East Buy Holding Ltd’s [东方甄选] Bubble Bursts with a 54% Drop: What Does it Mean?
(Let 东方甄选 be East Buy Holding Ltd)
East Buy Holding Ltd, the Chinese e-commerce company, is facing a crisis after allegations of selling fake products emerged. On March 15th, East Buy Holding Ltd issued a public apology on their official Weibo account after accusations of selling farmed shrimp as wild-caught. This resulted in a 54% drop in their stock price, with a market value of HKD 355 billion.
The controversy began when a customer with the surname Wang ordered frozen shrimp from East Buy Holding Ltd’s live stream channel. The label on the product stated that it was a 100% wild-caught white shrimp from Ecuador. However, upon receiving the product, Wang noticed that all the shrimp were the same size and suspected that they were farmed instead of wild-caught.
After investigating, Wang found that the shrimp was indeed farmed, which goes against the labeling and advertising by East Buy Holding Ltd. The company’s customer service initially claimed that the shrimp was caught in the wild but later admitted that it was farmed. East Buy Holding Ltd’s CEO, Sun Dongxu, apologized for the incident and promised to resolve the issue.
However, the damage had already been done, and the incident caused a significant loss in East Buy Holding Ltd’s stock price. The company’s shares fell by over 7% on the day of the apology, and the stock price plummeted by 54% in total. The event shocked many investors, raising questions about East Selection’s commitment to quality control and consumer satisfaction.
East Buy Holding Ltd’s response to the allegations was to blame their supplier, Langhaiqing Flagship Store. East Buy Holding Ltd claimed that they had blacklisted the store due to various quality issues, such as short-weighting and underfilled packages. Langhaiqing Flagship Store is a subsidiary of Qingdao Langhaiqing Economic and Trade Co., Ltd., which was established in June 2019 with a registered capital of CNY 1 million. However, some reports suggest that the company might be a shell company, as they have zero social security participation and a possibly fake business address.

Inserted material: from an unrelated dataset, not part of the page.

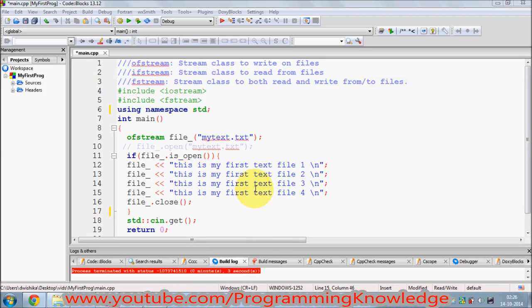Hello guys, in the last video I showed you how to create a text file using C++ and how to write into that text file. Now in this video I'm going to show you how to read from a text file and display it on your terminal using C++.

The incident has raised concerns about East Buy Holding Ltd’s business practices and has caused some investors to question the reliability of their live stream channels. Many customers and investors have taken to social media to express their disappointment and anger towards the company, with some calling for a boycott of East Selection’s products.

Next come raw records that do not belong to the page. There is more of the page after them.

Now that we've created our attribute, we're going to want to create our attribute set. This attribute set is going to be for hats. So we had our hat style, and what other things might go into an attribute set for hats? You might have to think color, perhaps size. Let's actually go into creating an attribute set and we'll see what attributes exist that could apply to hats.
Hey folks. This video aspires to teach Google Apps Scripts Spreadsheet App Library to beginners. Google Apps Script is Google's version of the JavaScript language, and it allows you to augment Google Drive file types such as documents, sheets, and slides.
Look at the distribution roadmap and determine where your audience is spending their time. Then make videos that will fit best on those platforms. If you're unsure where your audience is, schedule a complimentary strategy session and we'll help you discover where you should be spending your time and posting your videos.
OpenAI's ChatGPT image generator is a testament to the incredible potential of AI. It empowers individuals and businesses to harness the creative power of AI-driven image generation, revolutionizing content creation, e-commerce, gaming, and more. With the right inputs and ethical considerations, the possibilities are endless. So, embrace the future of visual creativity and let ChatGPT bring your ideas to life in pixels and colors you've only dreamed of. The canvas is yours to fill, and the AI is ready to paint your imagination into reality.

East Buy Holding Ltd has been one of the fastest-growing e-commerce companies in China, with a particularly strong presence on Douyin, the Chinese version of TikTok. The company has reported impressive financial results, with a year-on-year increase of 262% in revenue and a net profit of CNY 585 million in the first half of 2022. However, this incident has exposed the company’s vulnerability to reputational damage and the importance of maintaining quality control.
In conclusion, East Buy Holding Ltdn’s recent scandal has highlighted the importance of transparency and accountability in the e-commerce industry. The incident shows that companies must be vigilant in maintaining the quality of their products and ensuring that their advertising is truthful and accurate. East Buy Holding Ltd’s response to the allegations has been criticized by many, and it remains to be seen if the company can recover from this crisis.